Le président égyptien Abdel Fattah al-Sissi a souligné l’importance de la stabilité et de la protection de la navigation internationale au regard des développements actuels dans la région, mettant en garde contre les conséquences que le contrôle de Bab el-Mandeb par les Houthis pourrait avoir sur le commerce mondial et les approvisionnements énergétiques. Il s’exprimait lors d’une session à huis clos du sommet des chefs d’État et de gouvernement du groupe des BRICS, organisé dans la capitale indienne, New Delhi, selon un communiqué de la présidence égyptienne.
Le contrôle de Bab el-Mandeb par les Houthis revêt une importance particulière pour l’Égypte, compte tenu du lien direct entre ce détroit et le trafic maritime à destination du canal de Suez. Toute menace persistante pesant sur la navigation en mer Rouge pourrait inciter les compagnies maritimes à modifier leurs itinéraires, réduisant ainsi le trafic transitant par le canal et pesant sur ses recettes, à un moment où Le Caire dépend des revenus du canal de Suez comme principale source de devises étrangères et fait face à des pressions croissantes sur son économie.
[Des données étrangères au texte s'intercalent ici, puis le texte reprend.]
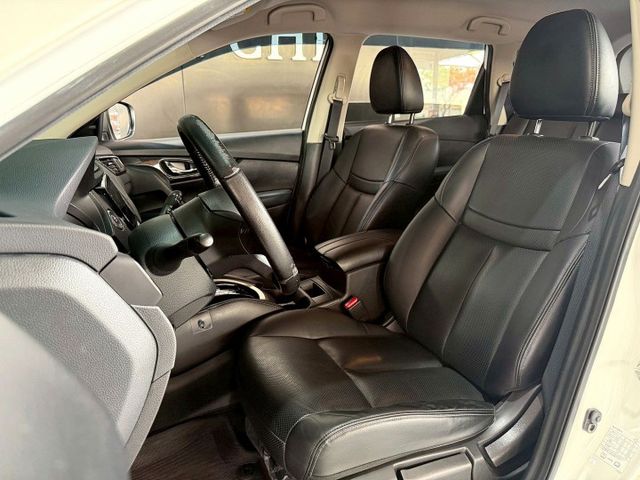 X-Trail 智行版 原鈑件/ACC跟車/盲點偵測/免KEY/360環景/恆溫空調/感應頭燈/電動尾門/CarPlay  第6張相片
Les conséquences des menaces des Houthis contre les pétroliers en mer Rouge ne se limitent pas aux marchés de l’énergie et à la navigation internationale, mais s’étendent également aux intérêts commerciaux et économiques de l’Égypte, notamment si les perturbations du trafic maritime se prolongent. La perturbation de l’une des principales voies d’accès au canal de Suez pourrait entraîner une baisse du commerce en transit ainsi qu’une hausse des coûts du transport et de l’assurance, accentuant ainsi les pressions sur l’économie égyptienne, qui fait déjà face à des difficultés liées aux devises étrangères, à l’inflation, à la dette et au financement.
Al-Sissi a déclaré que « les développements actuels au Moyen-Orient et leurs répercussions négatives sur l’économie mondiale, les flux commerciaux et énergétiques ainsi que les chaînes d’approvisionnement confirment l’étroite interconnexion entre la sécurité et le développement ». Il a ajouté : « Compte tenu de sa position stratégique et de son rôle central dans les échanges commerciaux mondiaux, l’Égypte mesure l’importance de préserver la stabilité et la liberté de la navigation internationale. »
Il a poursuivi : « Nous devons continuer à nous appuyer sur les acquis réalisés dans le cadre des BRICS et à mobiliser les capacités de nos pays en mettant en place des projets et des programmes concrets qui soutiennent les objectifs du développement durable, diversifient les sources de croissance, renforcent la productivité et réduisent les écarts en matière de développement et de technologie. »
Il a également fait part de l’ambition de son pays « d’assumer prochainement la présidence des BRICS et de poursuivre son engagement à travailler en étroite collaboration avec les États membres afin de développer la coopération dans tous les domaines et de traduire nos potentialités et nos capacités en partenariats concrets, qui soutiennent le développement et servent les intérêts communs », selon le communiqué.
Il s’agit du deuxième positionnement officiel similaire de l’Égypte en l’espace d’environ 24 heures. Le premier avait eu lieu jeudi soir, lors d’une rencontre entre al-Sissi et le président russe Vladimir Poutine, en marge du sommet.
Al-Sissi avait alors souligné « l’importance de parvenir à la stabilité dans le contexte des circonstances et des crises que traverse la région, notamment en ce qui concerne les voies navigables et maritimes par lesquelles transite une part considérable du commerce international via la mer Rouge et le canal de Suez ».
Les déclarations d’al-Sissi interviennent alors que les tensions persistent autour des détroits stratégiques, tandis que le détroit d’Ormuz demeure perturbé en raison des répercussions de la guerre entre l’Iran et les États-Unis depuis février.